- Sapphiretown
- Coordinates: 35°47′28″S 137°46′59″E﻿ / ﻿35.79118694°S 137.78309723°E
- Country: Australia
- State: South Australia
- Region: Fleurieu and Kangaroo Island
- LGA: Kangaroo Island Council;
- Location: 121 km (75 mi) south of Adelaide; 16 km (9.9 mi) southwest of Penneshaw;
- Established: 1878

Government
- • State electorate: Mawson;
- • Federal division: Mayo;

Population
- • Total: 21 (SAL 2021)
- Time zone: UTC+9:30 (ACST)
- • Summer (DST): UTC+10:30 (ACST)
- Postcode: 5222
- County: Carnarvon
- Mean max temp: 19.1 °C (66.4 °F)
- Mean min temp: 11.6 °C (52.9 °F)
- Annual rainfall: 488.9 mm (19.25 in)
Localities around Sapphiretown
| Nepean Bay | Nepean Bay | Nepean Bay |
| Nepean Bay | Sapphiretown | Island Beach |
| Pelican Lagoon | Pelican Lagoon | Island Beach |

= Sapphiretown, South Australia =

Sapphiretown is a locality in the Australian state of South Australia located on the north coast of Dudley Peninsula on Kangaroo Island overlooking Eastern Cove about 121 km south of the state capital of Adelaide and about 16 km south-west of Penneshaw.

The locality was originally declared as a government town in January 1878 by Sir William Jervois, the tenth governor of South Australia for a site surveyed in March 1877. The locality's boundaries which were created in March 2002 include the former government town of Sapphiretown. The name is derived from HMS Sapphire, a sloop, which conveyed Jervois to South Australia in October 1877 to take up his appointment as Governor of South Australia.

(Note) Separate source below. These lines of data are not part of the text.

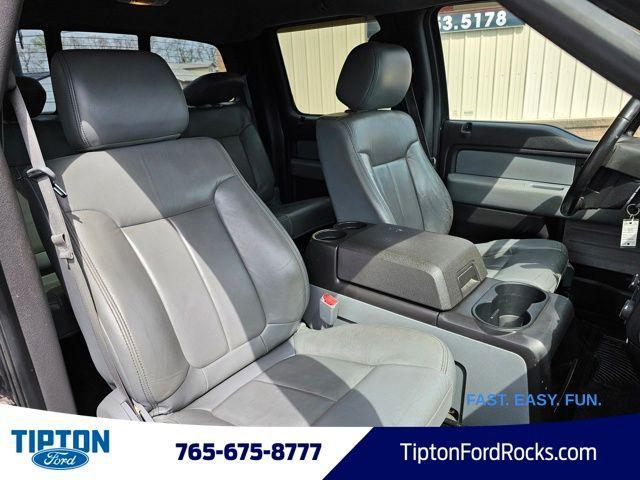 used 2014 Ford F-150 car, priced at $8,500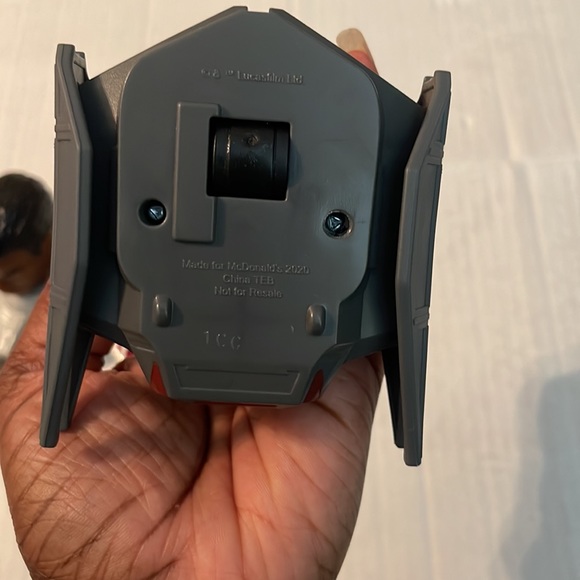 ♻️Mace Windu Luke Skywalker Kylo Ren Star Wars 2020 Toys unisex - Picture 13 of 14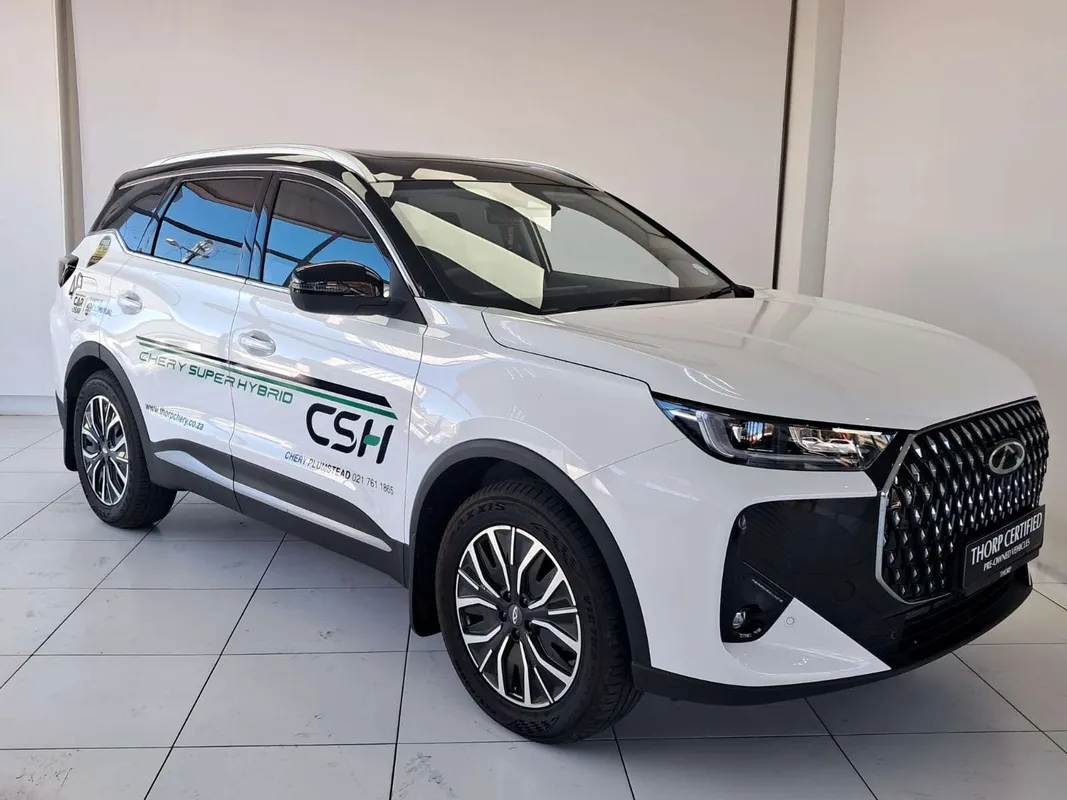 Chery Tiggo 7 1.5T CSH Ultra DHT (PHEV) - Image 1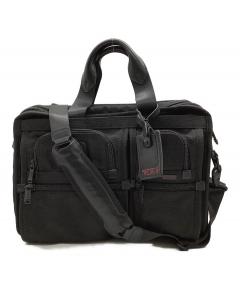 中古・古着通販】TUMI (トゥミ) 2WAYブリーフケース ブラック
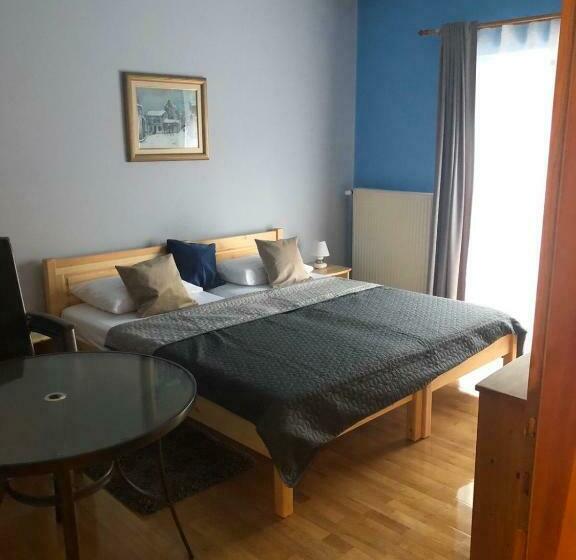 Apartament 1 Sypialnia Parter, Lucky Villa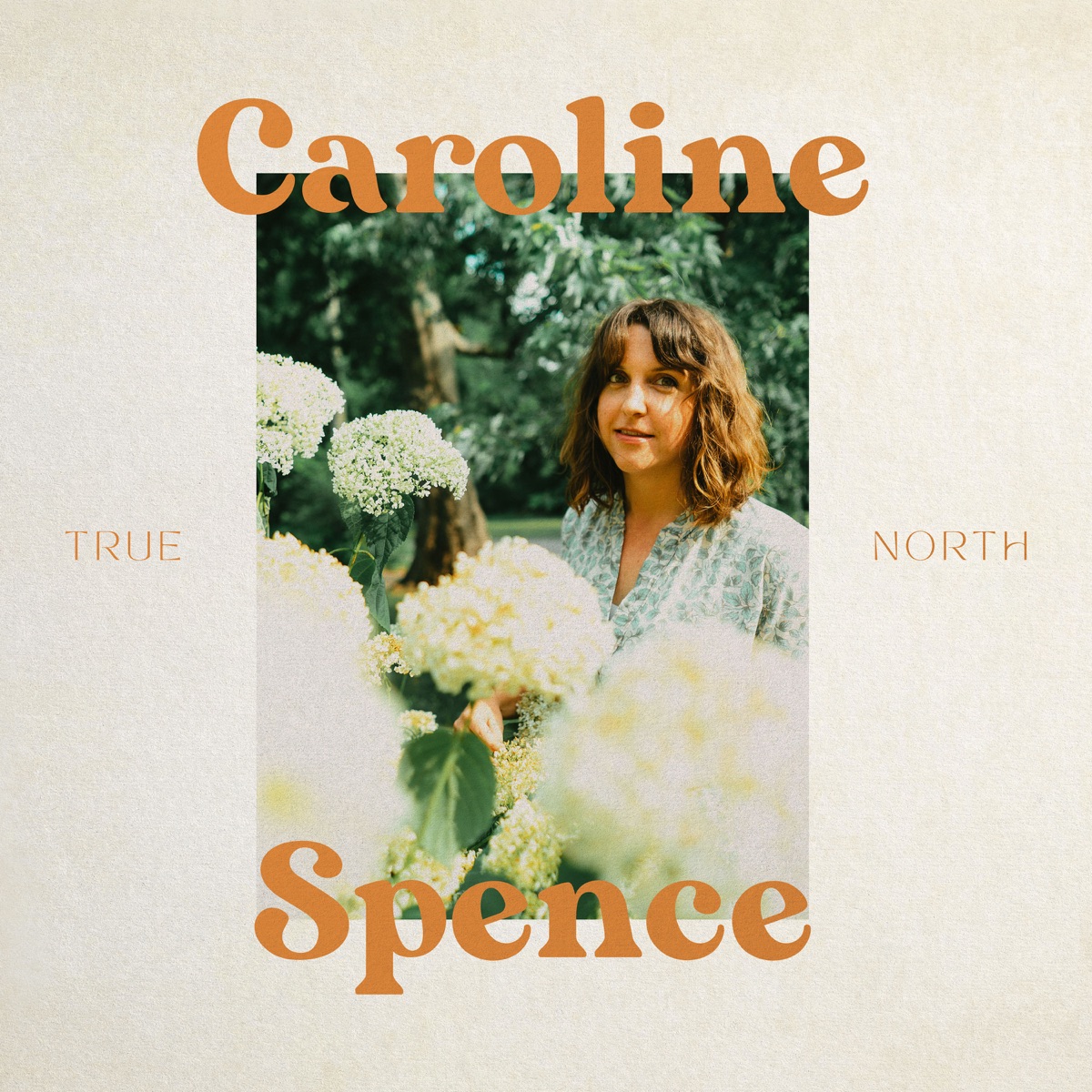 True North by Caroline Spence album cover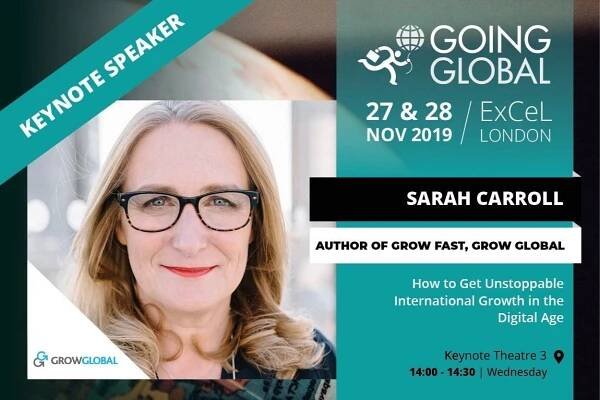 Keynote Speeches and Talks — Sarah Carroll 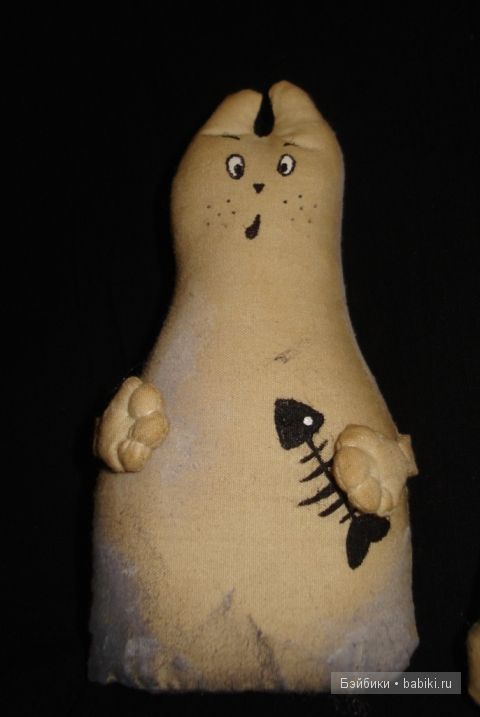 Кукла чердачная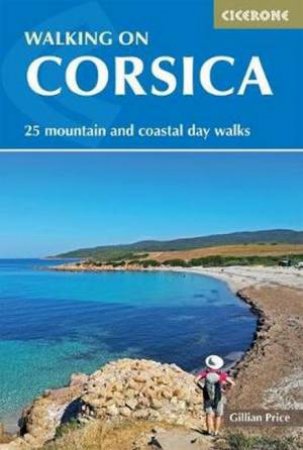 Walking On Corsica by Gillian Price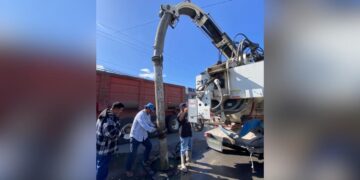 COMAPA reportes ciudadanos Nuevo Laredo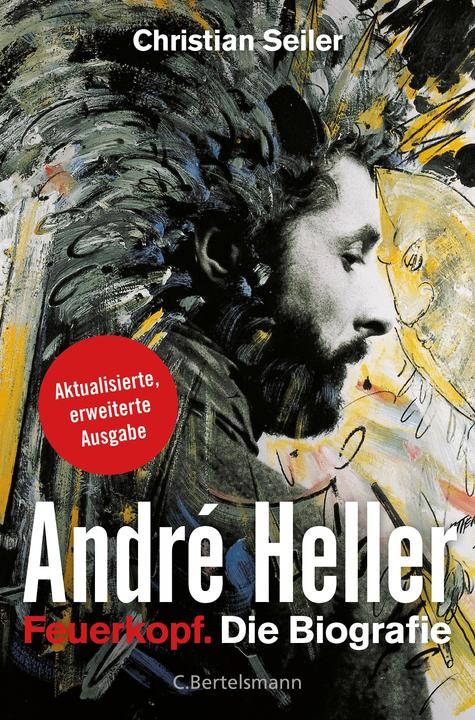 Immagine prodotto André Heller (Tedesco, Christian Seiler, 2012)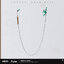 Honkai: Star Rail Chara Image Apparel Series Dan Heng Ear Cuffs(Provisional Pre-order)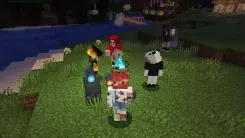 Minecraft Heritage 1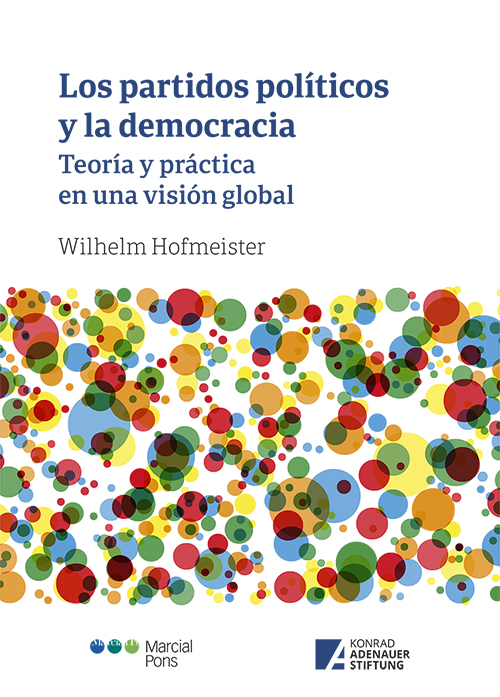 Partidos políticos y la democrácia. Teoría y práctica en una visión global-0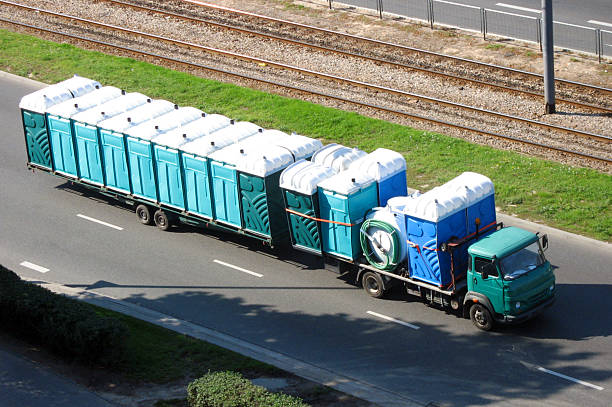 Best High-end porta potty rental  in Gastonville, PA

As of 2014, Sapphiretown consisted of land at the western end of Dudley Peninsula and which concludes as a spit known as Strawbridge Point at its north-western extremity and which is bounded to the north by Eastern Cove in Nepean Bay and by the body of water known as American River to the west. The locality is zoned for residential use exclusively for “detached dwellings” and “tourist accommodation.”

Sapphiretown is located within the federal division of Mayo, the state electoral district of Mawson and the local government area of the Kangaroo Island Council.